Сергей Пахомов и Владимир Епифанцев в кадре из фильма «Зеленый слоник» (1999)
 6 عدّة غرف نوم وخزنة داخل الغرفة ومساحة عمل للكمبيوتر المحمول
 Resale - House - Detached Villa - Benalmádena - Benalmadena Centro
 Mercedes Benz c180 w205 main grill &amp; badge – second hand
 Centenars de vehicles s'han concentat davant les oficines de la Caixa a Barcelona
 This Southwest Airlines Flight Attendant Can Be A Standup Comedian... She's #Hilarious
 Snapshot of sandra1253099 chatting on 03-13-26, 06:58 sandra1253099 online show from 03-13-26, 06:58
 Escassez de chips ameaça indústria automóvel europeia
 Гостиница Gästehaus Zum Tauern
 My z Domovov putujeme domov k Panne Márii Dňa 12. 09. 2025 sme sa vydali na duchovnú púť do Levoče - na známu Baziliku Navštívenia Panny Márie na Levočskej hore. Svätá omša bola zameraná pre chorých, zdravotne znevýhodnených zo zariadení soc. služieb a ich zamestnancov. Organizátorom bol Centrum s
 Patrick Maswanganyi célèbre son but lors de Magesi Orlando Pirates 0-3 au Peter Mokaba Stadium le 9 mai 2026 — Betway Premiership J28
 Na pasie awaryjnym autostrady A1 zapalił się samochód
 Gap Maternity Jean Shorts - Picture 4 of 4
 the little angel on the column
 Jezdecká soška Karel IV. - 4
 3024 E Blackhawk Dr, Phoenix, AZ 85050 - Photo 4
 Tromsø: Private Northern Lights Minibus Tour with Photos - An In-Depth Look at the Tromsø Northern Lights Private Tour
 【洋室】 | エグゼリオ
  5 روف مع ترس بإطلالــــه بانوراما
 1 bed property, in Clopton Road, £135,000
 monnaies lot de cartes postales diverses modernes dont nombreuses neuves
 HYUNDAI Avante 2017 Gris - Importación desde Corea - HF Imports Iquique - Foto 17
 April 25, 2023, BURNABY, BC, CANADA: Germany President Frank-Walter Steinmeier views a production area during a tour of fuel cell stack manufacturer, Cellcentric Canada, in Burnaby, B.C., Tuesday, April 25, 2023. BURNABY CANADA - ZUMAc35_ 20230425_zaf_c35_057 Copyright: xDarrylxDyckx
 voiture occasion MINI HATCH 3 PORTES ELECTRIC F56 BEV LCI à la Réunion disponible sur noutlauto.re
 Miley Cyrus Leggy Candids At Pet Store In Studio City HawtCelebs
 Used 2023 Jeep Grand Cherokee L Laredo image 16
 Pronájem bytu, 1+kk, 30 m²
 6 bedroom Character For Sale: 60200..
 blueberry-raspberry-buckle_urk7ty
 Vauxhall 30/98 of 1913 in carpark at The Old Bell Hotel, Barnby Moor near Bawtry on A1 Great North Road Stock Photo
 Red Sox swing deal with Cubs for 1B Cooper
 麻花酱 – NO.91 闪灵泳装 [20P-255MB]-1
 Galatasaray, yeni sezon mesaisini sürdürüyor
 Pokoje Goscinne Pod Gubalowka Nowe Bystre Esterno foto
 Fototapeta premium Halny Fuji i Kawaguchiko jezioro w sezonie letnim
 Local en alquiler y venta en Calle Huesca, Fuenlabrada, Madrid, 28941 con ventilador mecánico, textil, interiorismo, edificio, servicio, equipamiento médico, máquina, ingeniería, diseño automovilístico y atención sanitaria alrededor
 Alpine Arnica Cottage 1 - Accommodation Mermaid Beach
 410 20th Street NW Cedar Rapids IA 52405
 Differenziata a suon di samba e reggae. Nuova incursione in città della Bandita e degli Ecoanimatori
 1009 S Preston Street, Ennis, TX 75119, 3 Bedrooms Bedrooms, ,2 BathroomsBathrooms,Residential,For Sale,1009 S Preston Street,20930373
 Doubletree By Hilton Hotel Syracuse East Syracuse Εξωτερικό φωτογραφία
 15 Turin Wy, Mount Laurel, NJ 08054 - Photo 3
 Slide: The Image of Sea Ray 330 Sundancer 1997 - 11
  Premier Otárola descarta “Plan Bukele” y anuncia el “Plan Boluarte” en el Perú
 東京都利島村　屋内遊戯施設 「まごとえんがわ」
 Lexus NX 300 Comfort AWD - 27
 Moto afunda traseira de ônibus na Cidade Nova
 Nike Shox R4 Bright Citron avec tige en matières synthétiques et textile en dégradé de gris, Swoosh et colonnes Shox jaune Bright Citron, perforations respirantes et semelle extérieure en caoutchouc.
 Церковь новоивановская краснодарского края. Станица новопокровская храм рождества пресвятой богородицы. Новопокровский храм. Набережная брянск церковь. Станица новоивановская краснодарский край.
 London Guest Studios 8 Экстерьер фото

★ ★ ★

WHAT IS EXPECTED:
Each entry shown above should be copied out exactly.

REPLY TO THE EXERCISE:
Сергей Пахомов и Владимир Епифанцев в кадре из фильма «Зеленый слоник» (1999)
 6 عدّة غرف نوم وخزنة داخل الغرفة ومساحة عمل للكمبيوتر المحمول
 Resale - House - Detached Villa - Benalmádena - Benalmadena Centro
 Mercedes Benz c180 w205 main grill &amp; badge – second hand
 Centenars de vehicles s'han concentat davant les oficines de la Caixa a Barcelona
 This Southwest Airlines Flight Attendant Can Be A Standup Comedian... She's #Hilarious
 Snapshot of sandra1253099 chatting on 03-13-26, 06:58 sandra1253099 online show from 03-13-26, 06:58
 Escassez de chips ameaça indústria automóvel europeia
 Гостиница Gästehaus Zum Tauern
 My z Domovov putujeme domov k Panne Márii Dňa 12. 09. 2025 sme sa vydali na duchovnú púť do Levoče - na známu Baziliku Navštívenia Panny Márie na Levočskej hore. Svätá omša bola zameraná pre chorých, zdravotne znevýhodnených zo zariadení soc. služieb a ich zamestnancov. Organizátorom bol Centrum s
 Patrick Maswanganyi célèbre son but lors de Magesi Orlando Pirates 0-3 au Peter Mokaba Stadium le 9 mai 2026 — Betway Premiership J28
 Na pasie awaryjnym autostrady A1 zapalił się samochód
 Gap Maternity Jean Shorts - Picture 4 of 4
 the little angel on the column
 Jezdecká soška Karel IV. - 4
 3024 E Blackhawk Dr, Phoenix, AZ 85050 - Photo 4
 Tromsø: Private Northern Lights Minibus Tour with Photos - An In-Depth Look at the Tromsø Northern Lights Private Tour
 【洋室】 | エグゼリオ
  5 روف مع ترس بإطلالــــه بانوراما
 1 bed property, in Clopton Road, £135,000
 monnaies lot de cartes postales diverses modernes dont nombreuses neuves
 HYUNDAI Avante 2017 Gris - Importación desde Corea - HF Imports Iquique - Foto 17
 April 25, 2023, BURNABY, BC, CANADA: Germany President Frank-Walter Steinmeier views a production area during a tour of fuel cell stack manufacturer, Cellcentric Canada, in Burnaby, B.C., Tuesday, April 25, 2023. BURNABY CANADA - ZUMAc35_ 20230425_zaf_c35_057 Copyright: xDarrylxDyckx
 voiture occasion MINI HATCH 3 PORTES ELECTRIC F56 BEV LCI à la Réunion disponible sur noutlauto.re
 Miley Cyrus Leggy Candids At Pet Store In Studio City HawtCelebs
 Used 2023 Jeep Grand Cherokee L Laredo image 16
 Pronájem bytu, 1+kk, 30 m²
 6 bedroom Character For Sale: 60200..
 blueberry-raspberry-buckle_urk7ty
 Vauxhall 30/98 of 1913 in carpark at The Old Bell Hotel, Barnby Moor near Bawtry on A1 Great North Road Stock Photo
 Red Sox swing deal with Cubs for 1B Cooper
 麻花酱 – NO.91 闪灵泳装 [20P-255MB]-1
 Galatasaray, yeni sezon mesaisini sürdürüyor
 Pokoje Goscinne Pod Gubalowka Nowe Bystre Esterno foto
 Fototapeta premium Halny Fuji i Kawaguchiko jezioro w sezonie letnim
 Local en alquiler y venta en Calle Huesca, Fuenlabrada, Madrid, 28941 con ventilador mecánico, textil, interiorismo, edificio, servicio, equipamiento médico, máquina, ingeniería, diseño automovilístico y atención sanitaria alrededor
 Alpine Arnica Cottage 1 - Accommodation Mermaid Beach
 410 20th Street NW Cedar Rapids IA 52405
 Differenziata a suon di samba e reggae. Nuova incursione in città della Bandita e degli Ecoanimatori
 1009 S Preston Street, Ennis, TX 75119, 3 Bedrooms Bedrooms, ,2 BathroomsBathrooms,Residential,For Sale,1009 S Preston Street,20930373
 Doubletree By Hilton Hotel Syracuse East Syracuse Εξωτερικό φωτογραφία
 15 Turin Wy, Mount Laurel, NJ 08054 - Photo 3
 Slide: The Image of Sea Ray 330 Sundancer 1997 - 11
  Premier Otárola descarta “Plan Bukele” y anuncia el “Plan Boluarte” en el Perú
 東京都利島村　屋内遊戯施設 「まごとえんがわ」
 Lexus NX 300 Comfort AWD - 27
 Moto afunda traseira de ônibus na Cidade Nova
 Nike Shox R4 Bright Citron avec tige en matières synthétiques et textile en dégradé de gris, Swoosh et colonnes Shox jaune Bright Citron, perforations respirantes et semelle extérieure en caoutchouc.
 Церковь новоивановская краснодарского края. Станица новопокровская храм рождества пресвятой богородицы. Новопокровский храм. Набережная брянск церковь. Станица новоивановская краснодарский край.
 London Guest Studios 8 Экстерьер фото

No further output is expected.